* _Exercise prompt_
Where the records below show a line containing "48 Pcs Mini", start copying; end with the line containing "A face shield", and copy it too.

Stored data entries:
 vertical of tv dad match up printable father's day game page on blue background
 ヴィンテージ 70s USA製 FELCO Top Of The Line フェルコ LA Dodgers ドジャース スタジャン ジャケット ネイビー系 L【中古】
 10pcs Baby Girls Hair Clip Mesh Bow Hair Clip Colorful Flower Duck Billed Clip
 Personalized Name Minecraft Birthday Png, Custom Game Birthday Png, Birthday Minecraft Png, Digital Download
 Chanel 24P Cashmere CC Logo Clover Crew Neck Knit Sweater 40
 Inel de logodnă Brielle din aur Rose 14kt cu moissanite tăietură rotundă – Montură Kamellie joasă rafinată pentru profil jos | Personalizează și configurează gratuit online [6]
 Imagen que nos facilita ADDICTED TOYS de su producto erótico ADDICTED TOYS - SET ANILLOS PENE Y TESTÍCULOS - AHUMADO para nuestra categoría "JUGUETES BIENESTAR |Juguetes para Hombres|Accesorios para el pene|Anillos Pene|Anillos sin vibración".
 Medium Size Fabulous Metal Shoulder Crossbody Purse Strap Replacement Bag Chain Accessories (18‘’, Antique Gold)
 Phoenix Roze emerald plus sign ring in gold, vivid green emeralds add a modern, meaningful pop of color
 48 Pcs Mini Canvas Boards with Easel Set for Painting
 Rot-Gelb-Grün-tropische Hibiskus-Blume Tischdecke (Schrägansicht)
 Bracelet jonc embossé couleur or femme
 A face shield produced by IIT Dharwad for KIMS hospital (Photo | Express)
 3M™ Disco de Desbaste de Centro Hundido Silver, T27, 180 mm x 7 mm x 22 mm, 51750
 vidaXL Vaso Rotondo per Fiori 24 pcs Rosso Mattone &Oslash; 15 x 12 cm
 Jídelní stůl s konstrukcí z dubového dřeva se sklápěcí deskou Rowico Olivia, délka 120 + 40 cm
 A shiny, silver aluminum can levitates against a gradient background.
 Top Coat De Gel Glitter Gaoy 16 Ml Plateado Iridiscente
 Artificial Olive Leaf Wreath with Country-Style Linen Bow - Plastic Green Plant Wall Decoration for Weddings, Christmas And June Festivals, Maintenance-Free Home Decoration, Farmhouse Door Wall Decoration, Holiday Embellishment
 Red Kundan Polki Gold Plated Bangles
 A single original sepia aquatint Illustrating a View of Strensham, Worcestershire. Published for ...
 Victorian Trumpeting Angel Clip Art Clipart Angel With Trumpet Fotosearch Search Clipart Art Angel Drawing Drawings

* _Answer to this problem_
 48 Pcs Mini Canvas Boards with Easel Set for Painting
 Rot-Gelb-Grün-tropische Hibiskus-Blume Tischdecke (Schrägansicht)
 Bracelet jonc embossé couleur or femme
 A face shield produced by IIT Dharwad for KIMS hospital (Photo | Express)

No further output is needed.